Just don’t forget about all those present issues like tariffs, China, a trade war, and a slowing economy — all while the airline sector has been warnings of slower demand ahead.

Boeing’s stock closed up 2% at $162.52 ahead of earnings and the initial post-earnings reaction looked to be up almost 4% more at $168.75. Its 52-week range is $128.88 to $196.95 and the consensus analyst price target is roughly $192. It seems hard to imagine that Boeing was a $400 stock just over 5 years ago.

Wall Street’s cheer for Boeing after earnings is because its $0.49 per share loss was less than half of the $1.13 loss per share that analysts were calling for. Its revenue also rose by over 17% to $19.50 billion, beating expectations by more than $100 million.

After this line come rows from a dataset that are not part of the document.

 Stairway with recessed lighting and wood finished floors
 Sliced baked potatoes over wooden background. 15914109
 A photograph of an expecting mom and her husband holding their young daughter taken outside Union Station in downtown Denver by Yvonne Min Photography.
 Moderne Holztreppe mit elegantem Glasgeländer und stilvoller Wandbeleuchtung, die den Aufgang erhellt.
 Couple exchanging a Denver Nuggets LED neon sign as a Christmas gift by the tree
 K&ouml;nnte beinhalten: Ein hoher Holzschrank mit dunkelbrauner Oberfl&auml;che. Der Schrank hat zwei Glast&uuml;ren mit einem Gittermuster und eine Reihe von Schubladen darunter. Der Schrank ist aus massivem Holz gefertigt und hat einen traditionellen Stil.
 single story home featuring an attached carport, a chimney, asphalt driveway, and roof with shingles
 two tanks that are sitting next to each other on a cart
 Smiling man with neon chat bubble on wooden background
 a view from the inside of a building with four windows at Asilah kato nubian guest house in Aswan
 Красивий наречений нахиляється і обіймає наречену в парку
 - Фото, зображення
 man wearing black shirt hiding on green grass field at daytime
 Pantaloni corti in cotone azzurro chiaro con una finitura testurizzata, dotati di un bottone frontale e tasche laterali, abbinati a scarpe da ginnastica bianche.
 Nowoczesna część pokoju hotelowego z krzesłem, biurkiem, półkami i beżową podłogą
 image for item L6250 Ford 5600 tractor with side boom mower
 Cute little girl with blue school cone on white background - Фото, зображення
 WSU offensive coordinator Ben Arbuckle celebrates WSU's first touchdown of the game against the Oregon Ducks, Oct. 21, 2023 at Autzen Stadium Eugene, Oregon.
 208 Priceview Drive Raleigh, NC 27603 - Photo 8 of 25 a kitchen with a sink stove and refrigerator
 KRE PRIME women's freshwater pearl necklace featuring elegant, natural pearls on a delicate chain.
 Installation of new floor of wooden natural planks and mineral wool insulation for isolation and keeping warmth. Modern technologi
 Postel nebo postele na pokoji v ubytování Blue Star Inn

Where Boeing’s turnaround gets really interesting, or at least the continued hope of a turnaround, is that its commercial jet revenue soared by 75% to $8.15 billion. Boeing’s revenue for defense, space and security actually fell about 9.5% to $6.30 billion during the first quarter of 2025.

It was not that long ago that there were calls for Boeing to explore a separation of its commercial planes from its defense, space and security operations to protect what was considered the “good and stable” part of its business.

Another boost that the turnaround investor community can hang their hats on is that the order backlog rose to $545 billion from $521 billion just a quarter before — and still up from $529 billion a year ago. This total backlog is now represented as more than 5,600 planes which are ordered or which has been given the go-ahead to build. In short, Boeing has massive pent-up demand and should have high visibility for future results. If only it wasn’t still operating under restrictions and operating at a loss.

After Boeing’s workers went on strike, right when the company was losing billions, the labor situations should now be considered resolved for several years. Boeing also previously shored up its balance sheet by raising billions in capital to give it flexibility during its turnaround. The company’s $31 million loss represents a significant improvement in its cash burn (about $2.3 billion in the quarter).

As for Wall Street endorsing that Boeing’s turnaround is here and ready to roll, that may be premature. Boeing’s results only include tariff data as of March 31, 2025. We know that China has already returned jets and advised its own airlines to not order from Boeing for the time being. Boeing’s CEO has now claimed that the strong start to 2025 with over a half-trillion dollars in backlog will give the company the flexibility needed to navigate this environment.

Wall Street is likely to take a wait-and-see view, while still cheering the improvements that were seen in what Boeing can control. The larger issues are likely what Boeing and the rest of Corporate America cannot control. Wall Street analysts have already been burned trusting that Boeing’s turnaround was underway and looking for clear skies ahead. That muscle-memory reflex may prevent immediate massive upgrades and price target hikes unless things rapidly cool down in Washington, D.C. and with trading partners.